Building Resilience: Your Family Stories Matter

“Our family really knows how to cook!” my son exclaimed proudly as he served his own specialty macaroni and cheese to us a couple of days ago for dinner. “YES!” my youngest agreed happily, squeezing enough ketchup for the entire family onto his plate. 

Whether or not I agree with the level of culinary sophistication that my children have assigned to their dinner contribution is not the focus of this blog. But my son’s proud statement, “Our family knows how to cook!” reminded me that in this imperfect, overwhelming, and complicated time  we have the opportunity to shape something far more influential than the dinner menu. 

As many of our familiar routines fall apart around us and uncertainty abounds, our kids are actively adding chapters to our family story.
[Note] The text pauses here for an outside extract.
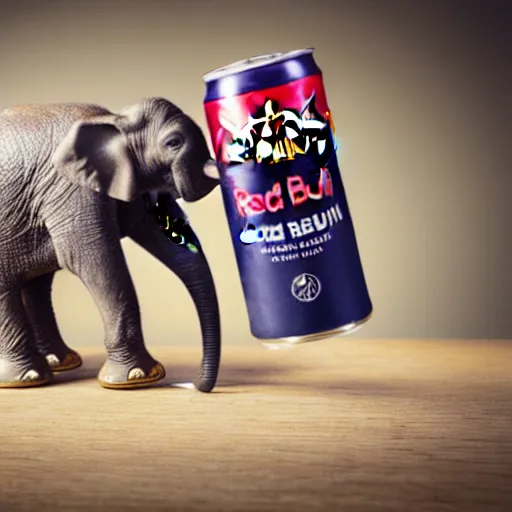 Image similar to product photography, a can of red bull on a table, an elephant is behind drinking the red bull through a straw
They are busily answering questions like, “Who are we? What do we care about? How do we take care of each other?” 

Parenting talking to daughter

Family stories build resilience.

Two decades ago researcher Dr. Marshall Duke asked children a set of questions to help explore the role of story and ritual in U.S. families. His questions centered around family stories such as, “Do you know where your grandparents grew up? Do you know the story of your birth?”  Far from just an interesting pop quiz on family history, his team of researchers found that the capacity of children to answer these questions predicted the children’s sense of control over their lives, self-esteem, resilience, and their belief in the strength of their own families. Dr. Duke went on to explain that when we chronicle the stories of our family, we build resilience and give children and teens both a strong identity and a sense that they belong to something greater than themselves.

In his research, Dr. Duke identified a type of family storytelling that is especially helpful for building resilience and called it the “oscillating narrative.” As opposed to stories that detail straight paths towards either victory or destruction, oscillating stories are full of ups and downs, complications, accomplishments, growth, setbacks and strengths.
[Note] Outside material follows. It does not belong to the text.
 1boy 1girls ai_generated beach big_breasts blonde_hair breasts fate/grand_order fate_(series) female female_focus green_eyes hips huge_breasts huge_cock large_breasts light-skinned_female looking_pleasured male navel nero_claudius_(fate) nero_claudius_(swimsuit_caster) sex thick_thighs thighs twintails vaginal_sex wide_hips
Oscillating stories might be complicated but they don’t lack focus. They have one important thing in common – they consistently communicate to kids that though our family has had ups and downs, we have unique strengths and we stick together.

Don’t miss the opportunity to narrate this chapter. Your kids are listening.

It has been quite moving in the days since social distancing orders went into effect to see the number of famous artists and authors hosting virtual story hours. Though we may be physically separated, many adults are reaching out to children and teens through one of  the most powerful tools in our human toolkit: storytelling.

But let’s not forget the lessons of Dr. Duke’s research by outsourcing all the storytelling to the Internet. Our family stories are unfolding in real time and our kids are looking to us for guidance on who we are and how we are going to get through this.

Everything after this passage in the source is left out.